Michael Brown, CISSP, HCISPP, CISA, CISM, CRISC, has been involved with IT for 20 years, the last ten in IT Security. Moving from a security admin to a global security architect, he has been working for the last couple of years as an IT security consultant preforming security risk assessments, gap analysis, and developing policies and procedures for clients to help them implement an information security management system. His research interests include IT/Security frameworks and compliance, the Internet of Things, and mobile device security.
HIPAA for Infosec Professionals
With the recent changes in HIPAA, breaches of healthcare records, new and higher penalties from the OCS and now random audits by OCS, HIPAA compliance has become more important for healthcare companies. And as Information Security professionals, we may be called upon to conduct HIPAA-based security risk assessment or assist practices or their third party vendors in becoming compliant with HIPAA.
But what does HIPAA entail?
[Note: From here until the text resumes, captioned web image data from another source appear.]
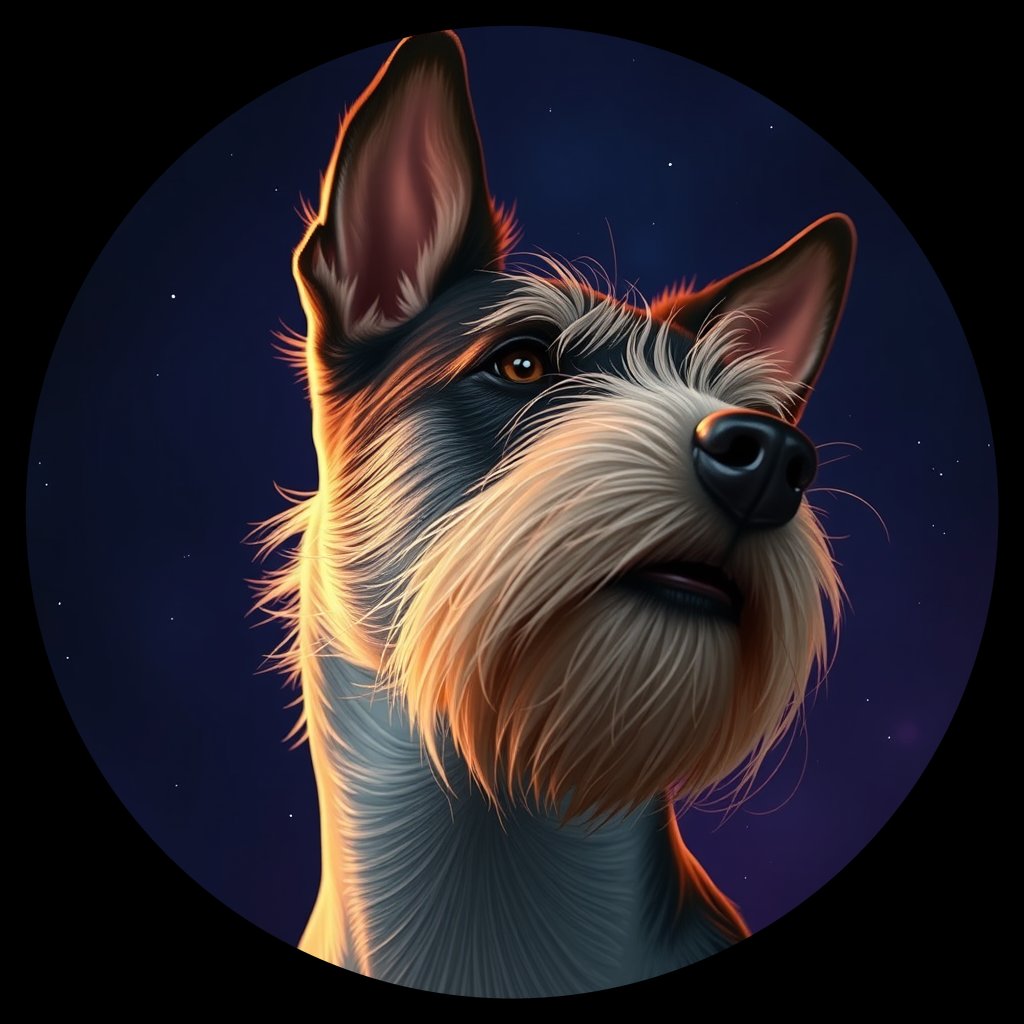 Cosmic medallion portrait of WFOX_WFOX_18A04, a Wire Fox Terrier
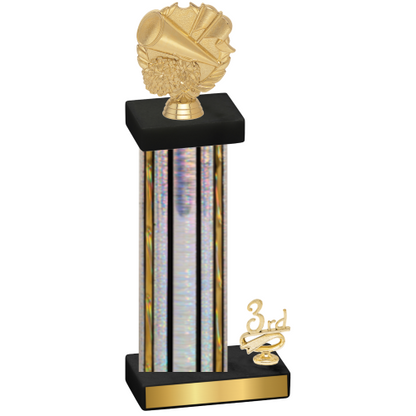 Accented Single Silver Glacier Third Place Cheerleading Trophy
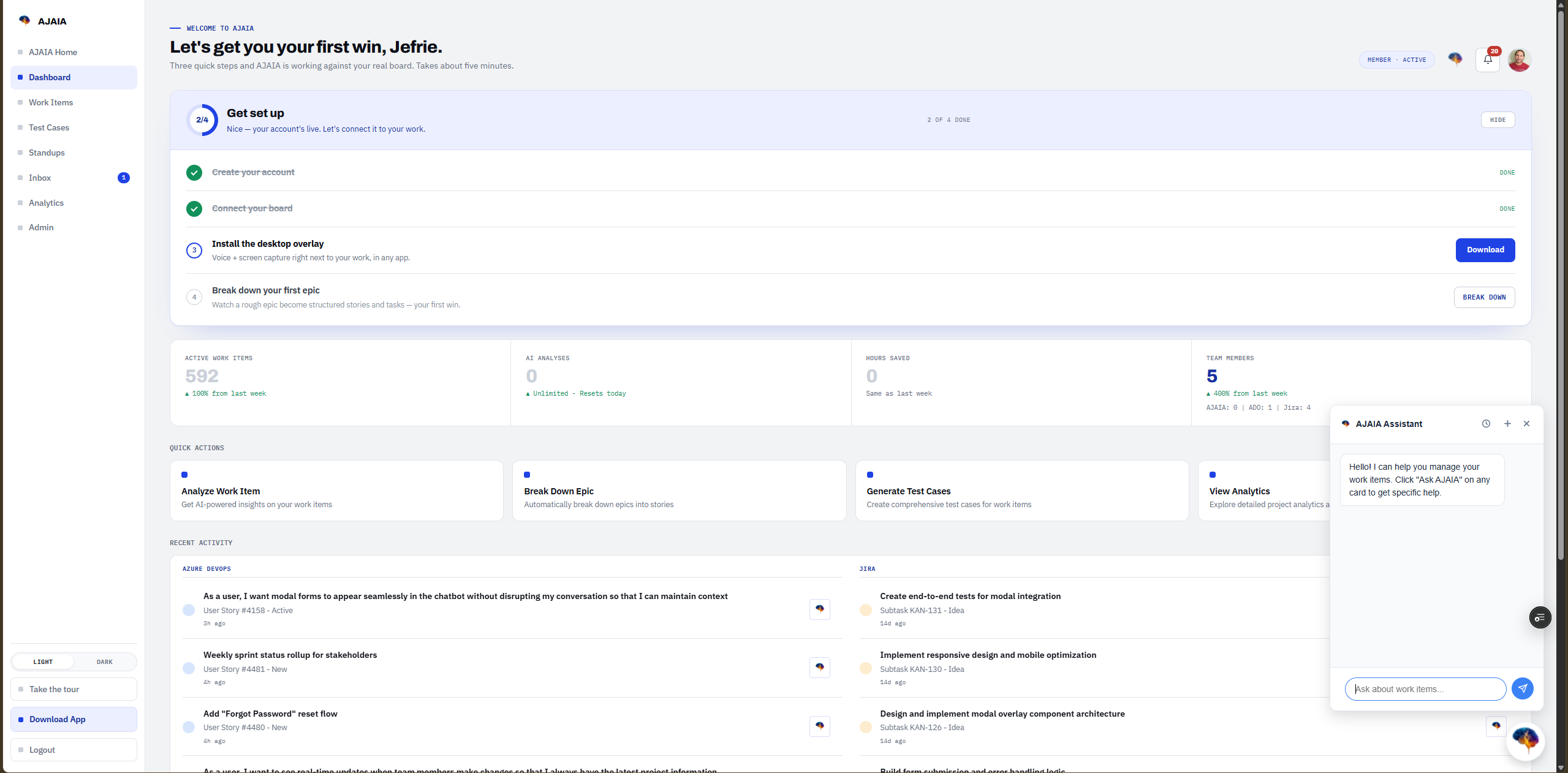 AJAIA assistant panel open over the dashboard, ready to answer questions about work items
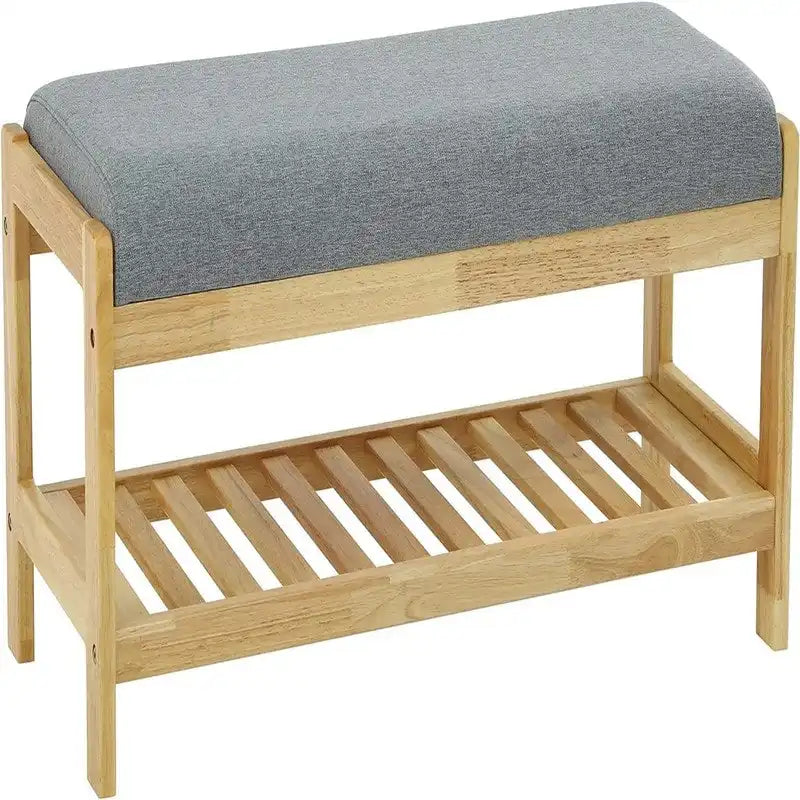 Wood Shoe Bench - 13.4 D x 32.9 W x 15.8 H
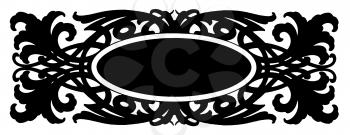 Royalty Free Clipart Image of a Black Frame With Flourishes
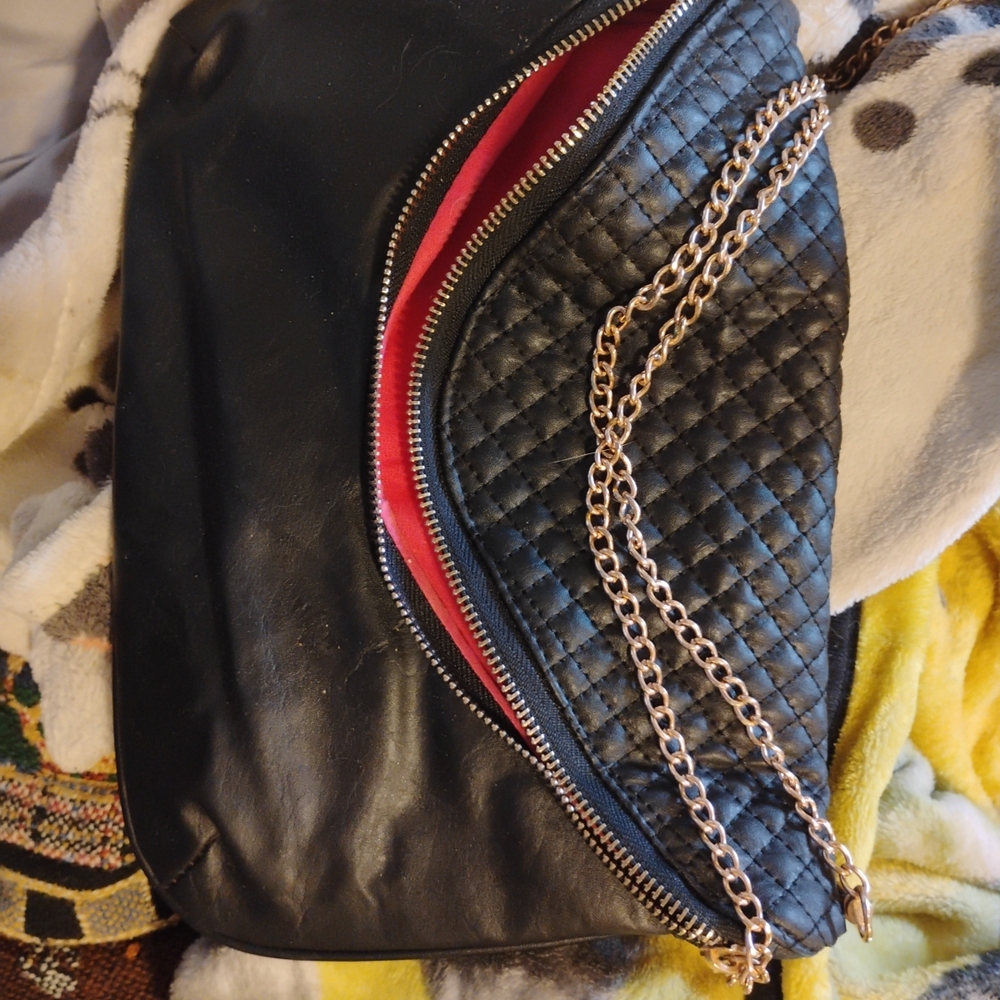 Rampage Black Quilted Shoulder Bag with Gold Chain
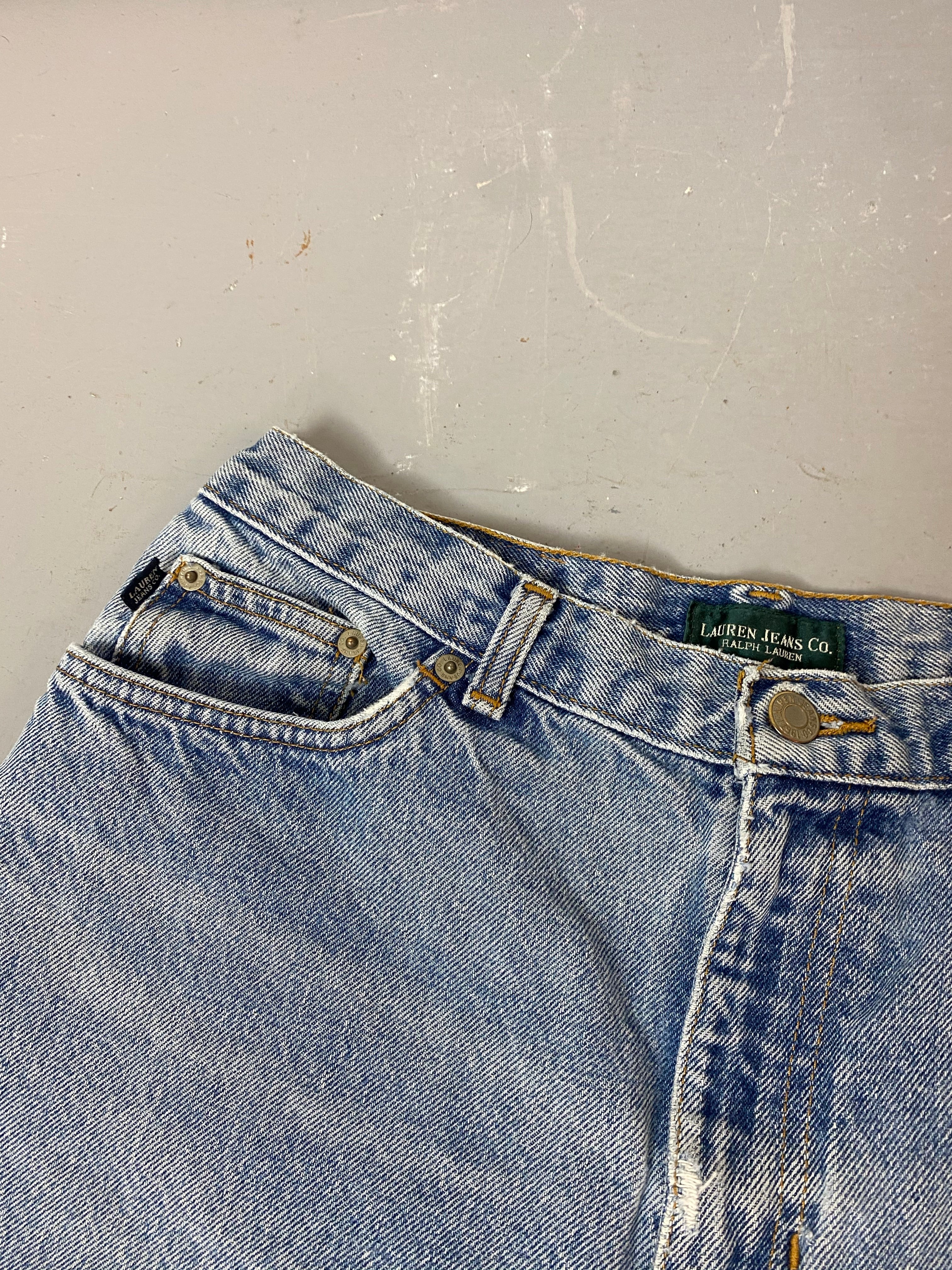 Vintage High Waisted Frayed Ralph Lauren Denim Shorts - 31in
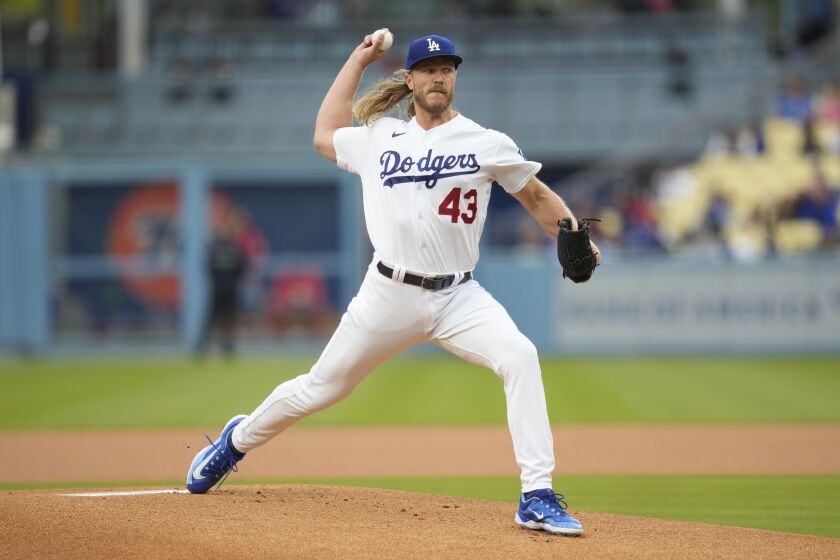 Los Angeles Dodgers starting pitcher Noah Syndergaard (43) throws during the first inning of a baseball game against the Washington Nationals in Los Angeles, Wednesday, May 31, 2023. (AP Photo/Ashley Landis)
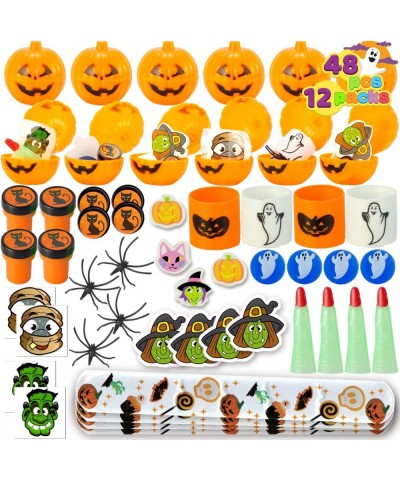 48 Pcs Halloween Party Favors Toy Set 12 Packs Halloween Stamps Erasers Foam Stickers Bouncy Balls Spiders Witch Finger Nails...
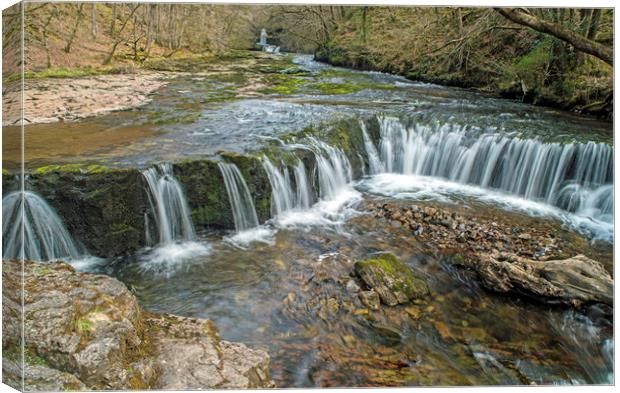 The Horseshoe Falls on the River Neath south Wales Canvas Print by Nick Jenkins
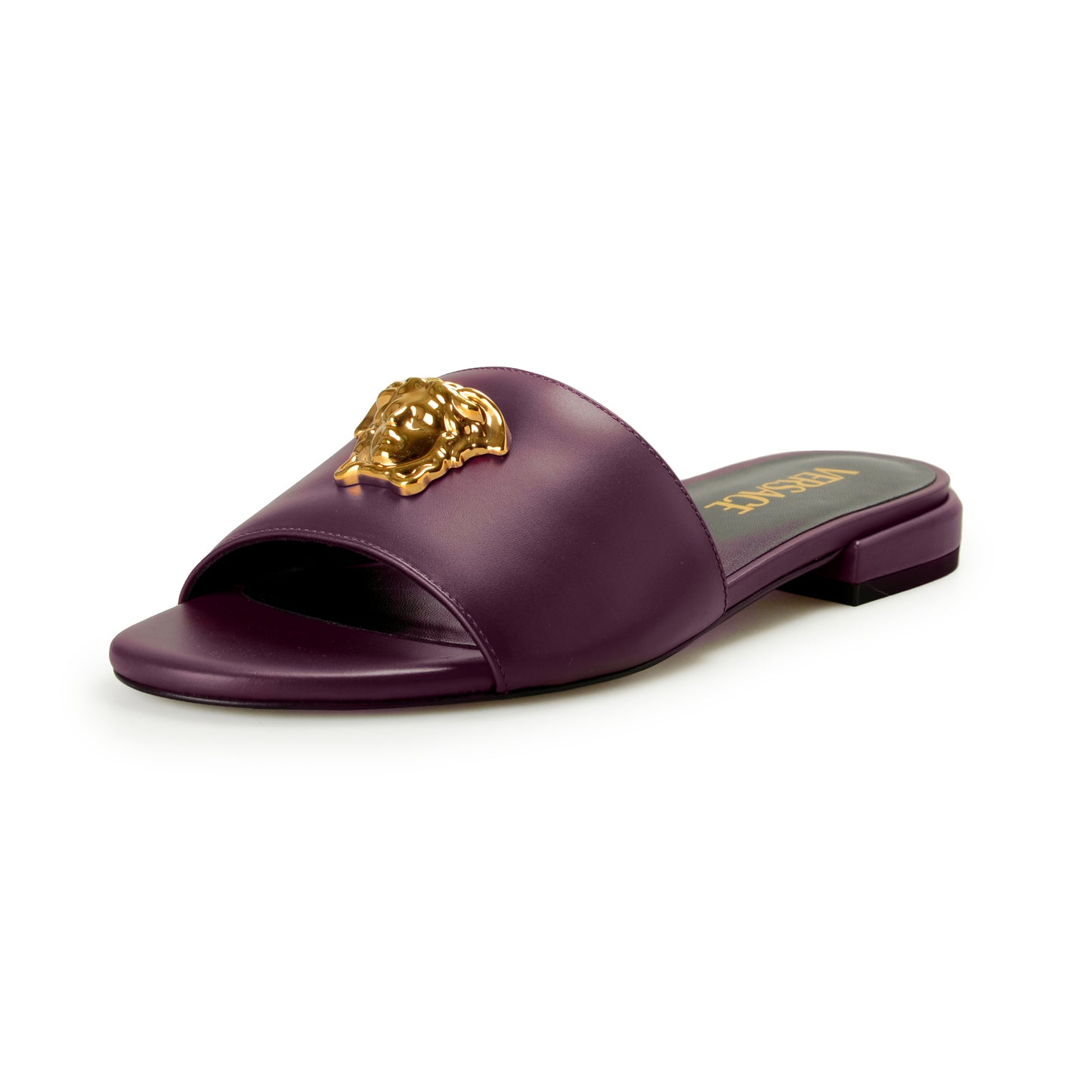 Versace Women's Plum Purple Gold Medusa Heeled Sandals Mules Shoes US 5 IT 35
What is expected? Are they the same as what are expected in other areas or are there differences? And what about some of the strange terms used: covered entity, business associate? What do they mean?
We will go over the basics of HIPAA, the safeguards that make it up, as well as the terms and terminology that surrounds it. While you won’t become a HIPAA expert overnight, you will have a better understanding of what it is and be in a better position to assist healthcare organizations in being more secure.